William Lionel Wyllie was born in London on 5 July 1851. He was the son of artist William Morison Wyllie and the elder brother of the painter Charles Wyllie. During his youth William Lionel was to spend idyllic summers with his family at Wimereux on the French coast, and it was apparent from an early age that he had a great talent for sketching.
He took up studies at Heatherley's Art School before joining the Royal Academy Schools in 1866. The following year at the tender age of sixteen his first painting was exhibited at the Royal Academy, this entitled "Dover Castle and Town", a finely drawn and atmospheric moonlit painting, and in 1869 he was awarded the Turner Gold medal.

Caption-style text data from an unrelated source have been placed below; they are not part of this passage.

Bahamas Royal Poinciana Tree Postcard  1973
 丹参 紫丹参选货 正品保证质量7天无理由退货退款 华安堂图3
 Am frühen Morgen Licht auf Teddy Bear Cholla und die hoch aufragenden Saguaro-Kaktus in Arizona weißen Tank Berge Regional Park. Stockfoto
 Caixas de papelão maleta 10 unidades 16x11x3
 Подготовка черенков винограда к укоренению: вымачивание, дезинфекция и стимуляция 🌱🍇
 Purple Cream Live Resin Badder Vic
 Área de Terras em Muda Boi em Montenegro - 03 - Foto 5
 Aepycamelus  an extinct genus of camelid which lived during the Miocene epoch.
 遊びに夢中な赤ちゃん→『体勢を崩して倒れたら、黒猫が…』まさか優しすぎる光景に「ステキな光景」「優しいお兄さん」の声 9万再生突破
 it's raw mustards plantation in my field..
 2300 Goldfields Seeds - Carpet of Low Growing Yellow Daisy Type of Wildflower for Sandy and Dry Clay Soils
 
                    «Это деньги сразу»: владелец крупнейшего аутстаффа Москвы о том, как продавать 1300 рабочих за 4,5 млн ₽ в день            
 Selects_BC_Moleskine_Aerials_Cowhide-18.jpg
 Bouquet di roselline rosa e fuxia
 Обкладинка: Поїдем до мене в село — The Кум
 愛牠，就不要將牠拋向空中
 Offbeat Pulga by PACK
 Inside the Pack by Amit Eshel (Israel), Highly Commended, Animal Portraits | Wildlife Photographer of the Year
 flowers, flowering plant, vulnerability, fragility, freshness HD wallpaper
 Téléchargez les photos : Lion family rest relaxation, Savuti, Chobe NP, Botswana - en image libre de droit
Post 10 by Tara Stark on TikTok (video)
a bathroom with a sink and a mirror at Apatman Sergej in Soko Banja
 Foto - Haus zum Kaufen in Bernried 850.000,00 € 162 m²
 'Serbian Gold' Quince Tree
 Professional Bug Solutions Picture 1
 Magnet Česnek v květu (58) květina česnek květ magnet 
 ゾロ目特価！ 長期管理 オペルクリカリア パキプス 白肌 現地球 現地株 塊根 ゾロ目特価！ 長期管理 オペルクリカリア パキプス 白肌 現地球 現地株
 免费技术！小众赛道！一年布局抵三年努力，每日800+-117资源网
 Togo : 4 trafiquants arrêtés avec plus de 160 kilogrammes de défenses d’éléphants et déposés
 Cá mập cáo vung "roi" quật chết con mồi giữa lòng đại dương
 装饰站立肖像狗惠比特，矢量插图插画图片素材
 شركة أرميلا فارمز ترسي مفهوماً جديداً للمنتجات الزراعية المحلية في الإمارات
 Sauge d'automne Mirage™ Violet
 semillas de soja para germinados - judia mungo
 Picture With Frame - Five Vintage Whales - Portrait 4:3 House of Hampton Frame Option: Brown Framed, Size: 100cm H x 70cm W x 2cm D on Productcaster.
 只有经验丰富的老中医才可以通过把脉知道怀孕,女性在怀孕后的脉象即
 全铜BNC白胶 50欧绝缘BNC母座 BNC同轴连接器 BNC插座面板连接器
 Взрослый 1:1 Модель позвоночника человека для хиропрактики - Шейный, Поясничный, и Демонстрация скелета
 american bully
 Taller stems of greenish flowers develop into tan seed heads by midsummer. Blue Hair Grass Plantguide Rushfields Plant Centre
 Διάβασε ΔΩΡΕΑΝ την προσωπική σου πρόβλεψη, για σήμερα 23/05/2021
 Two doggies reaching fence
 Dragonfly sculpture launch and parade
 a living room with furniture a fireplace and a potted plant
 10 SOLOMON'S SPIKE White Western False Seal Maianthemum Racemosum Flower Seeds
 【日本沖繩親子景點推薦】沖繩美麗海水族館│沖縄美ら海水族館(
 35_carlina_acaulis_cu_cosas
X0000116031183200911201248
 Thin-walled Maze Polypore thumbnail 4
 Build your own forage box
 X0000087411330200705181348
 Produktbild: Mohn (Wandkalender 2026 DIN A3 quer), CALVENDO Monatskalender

The year 1870 saw him drawing for the 'The Graphic' magazine. At the start of 1880 Wyllie began a series of scenes set on the river Thames and the river Medway, and it was these subjects which began to seal his artistic reputation. In 1882 he gave birth to his most famous work, "Toil, Glitter, Grime and Wealth on a Flowing Tide", a magnificent painting which was purchased for the Chantrey Bequest the following year in 1883.
During his lifetime, William Lionel Wyllie exhibited 196 paintings at the Royal Academy, as well as 78 works at the Royal Society of British Artists at Suffolk Street and 22 at the Glasgow Institute. He also exhibited his work at many other venues, including the Arthur Tooth Gallery, the Royal Society of Painters in Watercolour, the Leicester Gallery, the Manchester City Art Gallery, the New English Art Club, the Royal Society of Artists in Birmingham, the Dowdeswell Galleries and the Royal Society of Painters, Etchers and Engravers.
Wyllie was passionate about the mighty River Thames. Indeed, he owned his own barge, named The Four Brothers, which was gainfully employed as a travelling studio, recording the ever-changing life on the Thames at the busiest time in its history; when tramp steamers, lighters and barges serviced the Port of London. Wyllie's paintings of the river Medway were inspired by the time he lived at Hoo Lodge, where he overlooked both the River Medway and the famous dockyard at Chatham.
The year 1906 marked his purchase of the Tower House at Portsmouth, and it was now through the aid and close friendship of his many cronies at the Admiralty that he was afforded the opportunities to experience the many vagaries of life at sea with the Royal Navy. The following year in 1907 he was elected a Royal Academician. In that same year a whole issue of the Christmas edition of the 'Art Journal' was devoted to him. During World War I Wyllie illustrated two books, namely "Sea Fights of the Great War" and then "More Sea Fights of the Great War".
William Lionel Wyllie was a prolific artist who became famous for working in the mediums of etching and watercolour as well as oils, and when he died in 1931 almost five thousand watercolours from his studio were acquired for National Maritime Museum at Greenwich.